→ Work item: Pictures must not appear in the copy. Reproduce exactly, and only, the lines from the one with "Navigate to the" through the end of the data below.

(Input records)

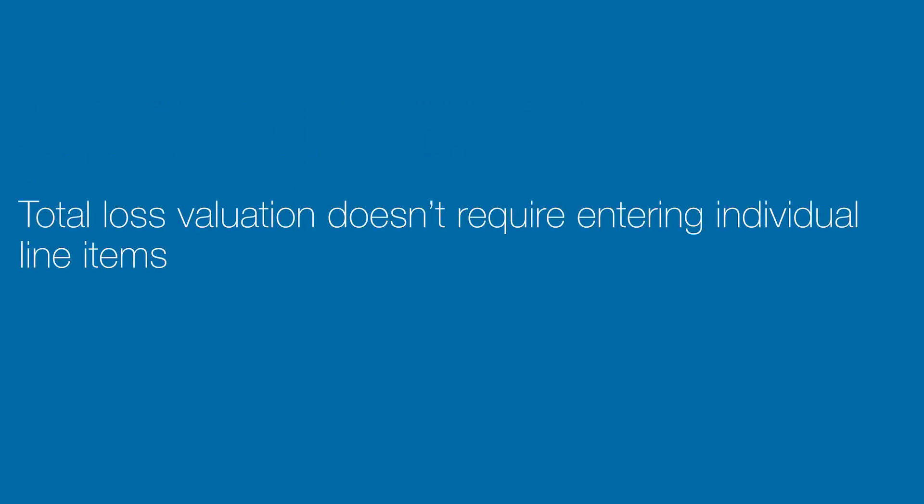A total loss valuation is a quick and easy way to scope a complete loss of property without having to list each individual line item, as entering line items for a total property loss can be very time consuming.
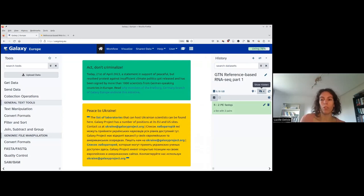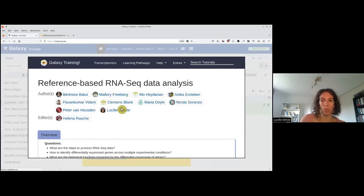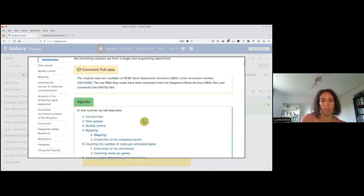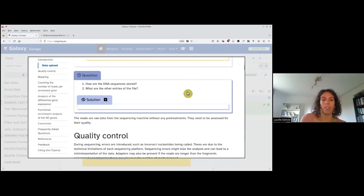You may ask how do I know how to rename the datasets? Everything is written in the tutorial. So if you miss a step, just don't forget to go to the training material. You can see the instructions: create a paired collection named 'two paired FASTQs', rename your pairs with a sample name followed by the attributes. During the tutorial, you may have some questions and you have the solutions — some of them I will do with you, but some you can do by yourself.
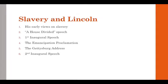So far we've talked a little bit about Lincoln and how his views on slavery, and particularly on government's responsibility towards slavery, are changing and evolving over time. We talked about his early views of slavery, the House Divided Speech, his first inaugural speech, and the Emancipation Proclamation. Now, finally, we're getting to the Gettysburg Address.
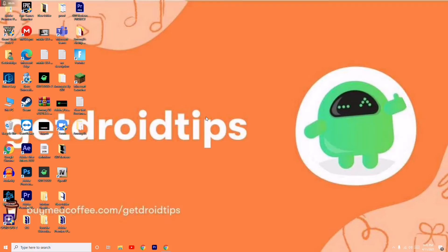Hello guys, welcome back to GetDroidTips. In this video I'm going to talk about how to fix Twitch has no sound while streaming and how to fix this issue.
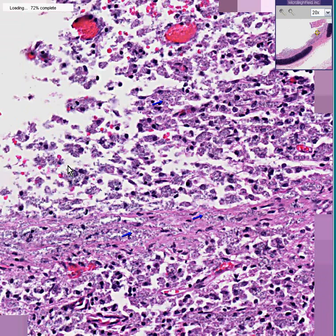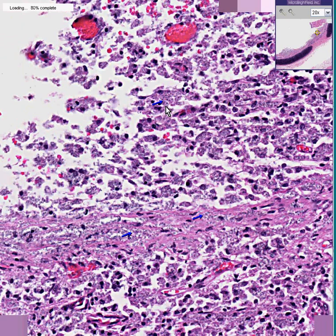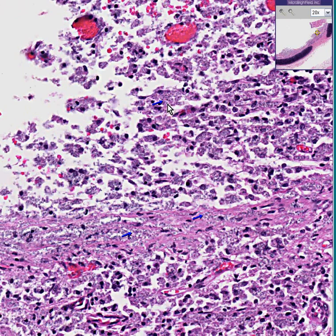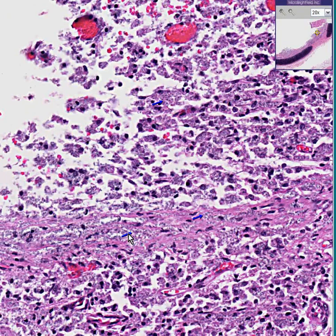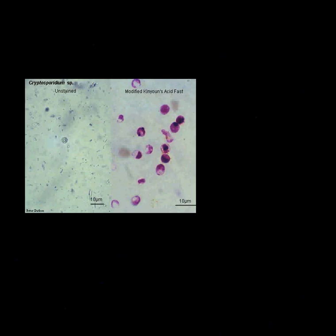Do you see these little guys here? They're almost like about half the size of a red blood cell — maybe five microns — here, and here, and here, and here, and actually all of these tiny little dots. This is cryptosporidium. At this power you're probably not impressed, but if you were to do a beautiful stain for cryptosporidium, you might see something like this.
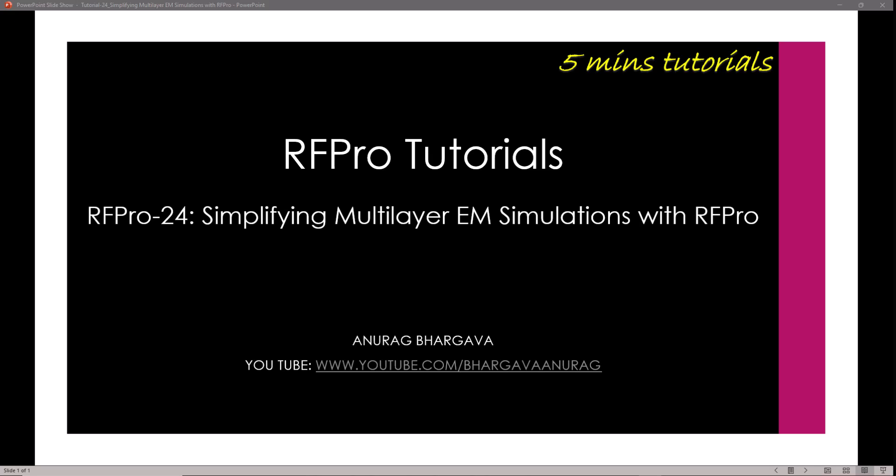Hello and welcome to RFPro 5 minutes tutorial. This is tutorial 24 and in this video I will talk about simplifying multi-layer EM simulations with RFPro.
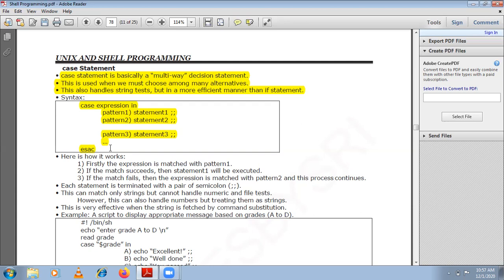Let us go through how it works. First the expression is matched with pattern one. If the match succeeds, statement one executes. If it fails, the expression is matched with pattern two, and this process continues until a match is found. Each statement is terminated with a pair of semicolons — not a single semicolon, a pair of semicolons. This is the construct given by shell script.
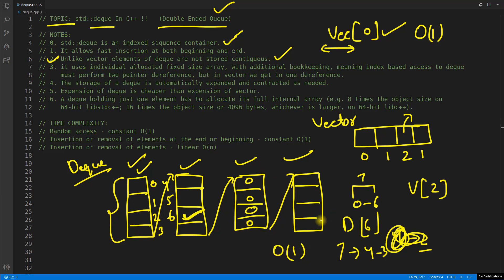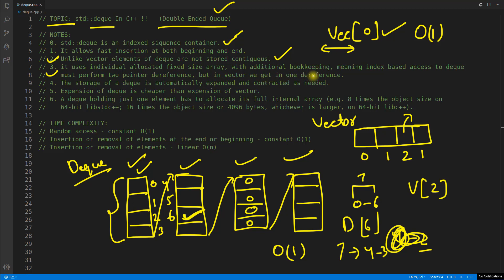Even so, two dereferences is still O(1), because if you genuinely need to insert at both beginning and end, you have to use deque. This point says deque uses individually allocated fixed-size arrays with additional bookkeeping, meaning index-based access must perform two pointer dereferences, compared to one for vector.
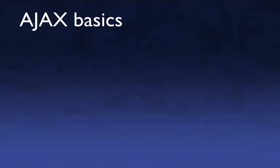Hi, this is Chris Shattuck with buildamodule.com, and in this video we're going to be covering some Ajax basics.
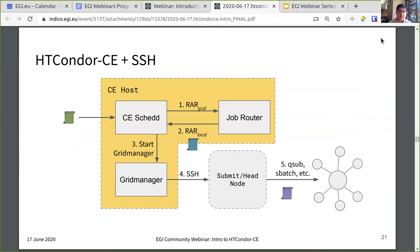This is what it'll look like — very much the same as a non-Condor batch system setup, except that the Grid Manager will start up an SSH session to the specified head node, where the BLAH will handle the local job submission.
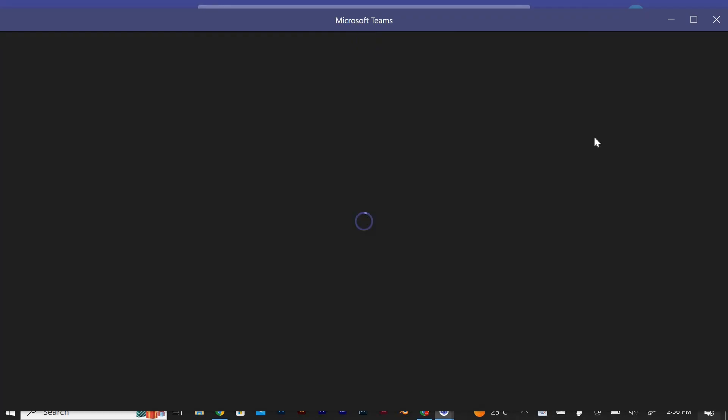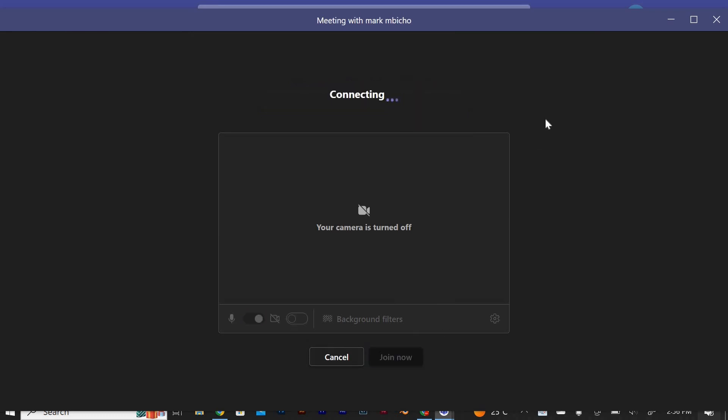Navigate to the meeting controls. Once you have joined the meeting, locate the meeting controls at the bottom of the screen.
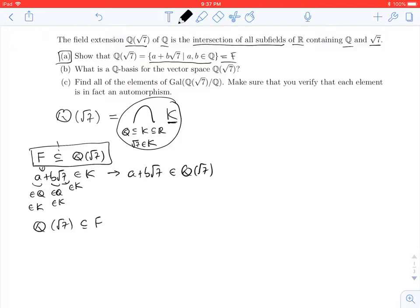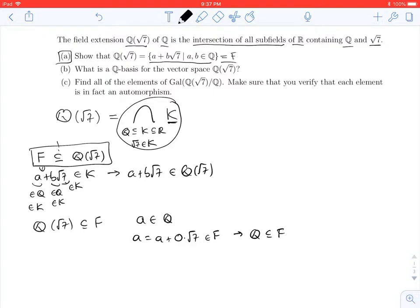Two easy things: if A is a rational number, we can write it as A plus 0 times the square root of 7, which is in F. So every rational number is in F. Also, the square root of 7 can be written as 0 plus 1 times the square root of 7, which is in F. So as long as we know F is a field, it will be one of those fields in the intersection when we define Q adjoined the square root of 7.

(End Input records)

→ Response area:
Navigate to the meeting controls. Once you have joined the meeting, locate the meeting controls at the bottom of the screen.
Two easy things: if A is a rational number, we can write it as A plus 0 times the square root of 7, which is in F. So every rational number is in F. Also, the square root of 7 can be written as 0 plus 1 times the square root of 7, which is in F. So as long as we know F is a field, it will be one of those fields in the intersection when we define Q adjoined the square root of 7.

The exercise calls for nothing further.